There is always possibility of making a clone of one of those rifles.I has been done and few were presented here with very good response.
Finding random parts is part of it. Doing it well probably starts with hours of reading good reference material to understand what kind of parts you are actually looking for - which kind went with which, how they were mounted or installed, etc. Which scope went with which version that used which type of mount at what time. The milsurps.com library has some useful stuff regarding Lee Enfields and some others. Gotta start by picking who's sniper rifle from what era are you going to clone... an American Civil War Whitworth, a Winchester P14 from WWI or a British No. 4 (T) from WWII, a USA Remington from Vietnam conflict or a Russian, a Bosnian, a Chinese and so on.

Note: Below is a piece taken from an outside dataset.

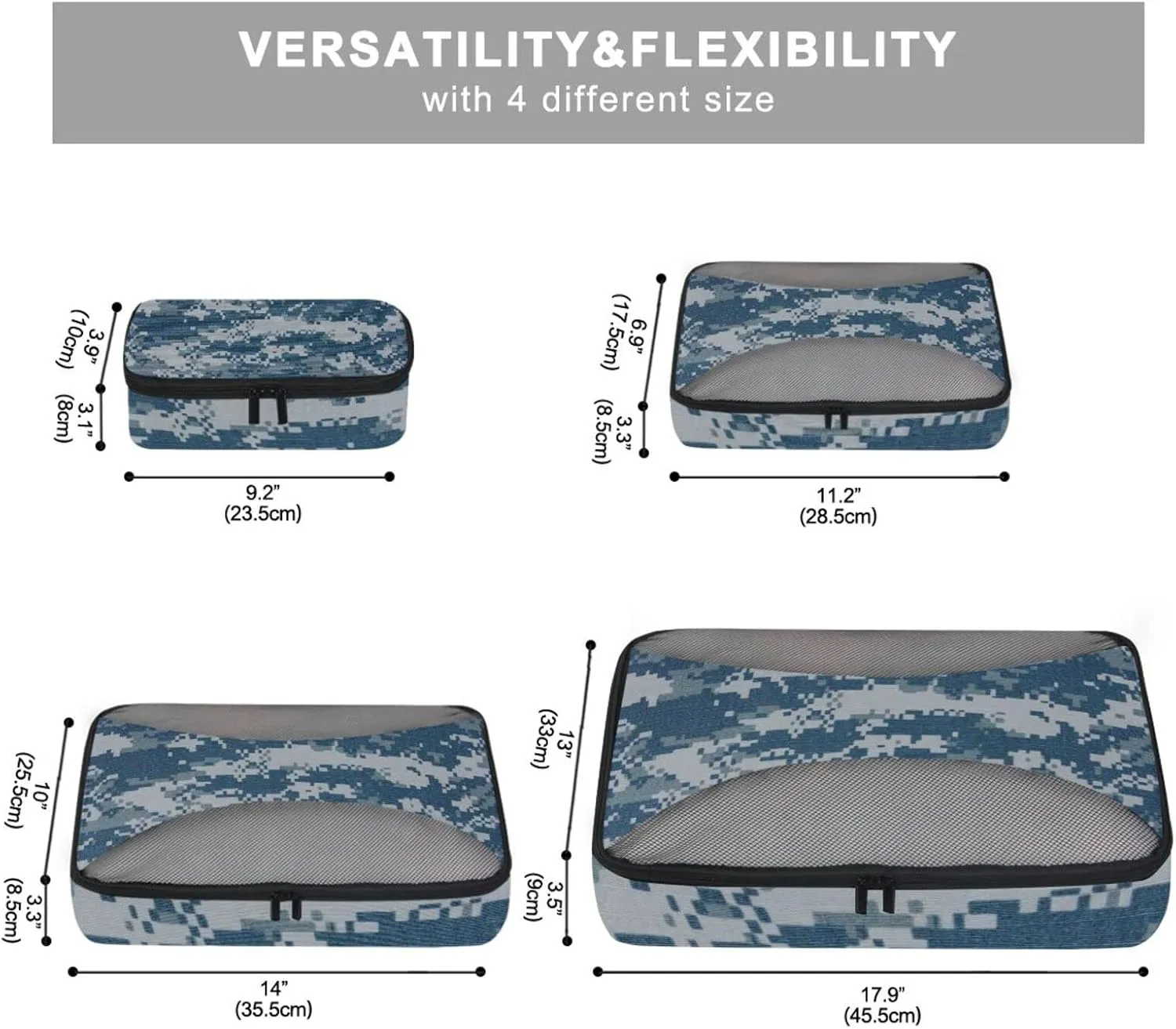 Navy Blue Digital Camouflage Fabric Texture Background 4 PCs Set Packing Bags, Luggage Organizer Bag, Portable Cube Toiletry bag, Durable Travel Cosmetic Storage Bag for Men Women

an American Civil War Whitworth
Good luck with that. The example recently shown by Ian McCullum in 'Forgotten Weapons' was sold at Rock Island Arsenal auctions for USD$161,000.
I grabbed up a PEM M39 last year, has only the vaguest historical influence but was really well done and shoots great. I can even reproduce the Finn’s D166 round with Lapua components. Good fun if not cheap.
Lol, you forgot the preceding sentence: “first you gotta choose what rifle you’re gonna clone...”.Pedersoli makes a credible reproduction. Could also do a Sharps.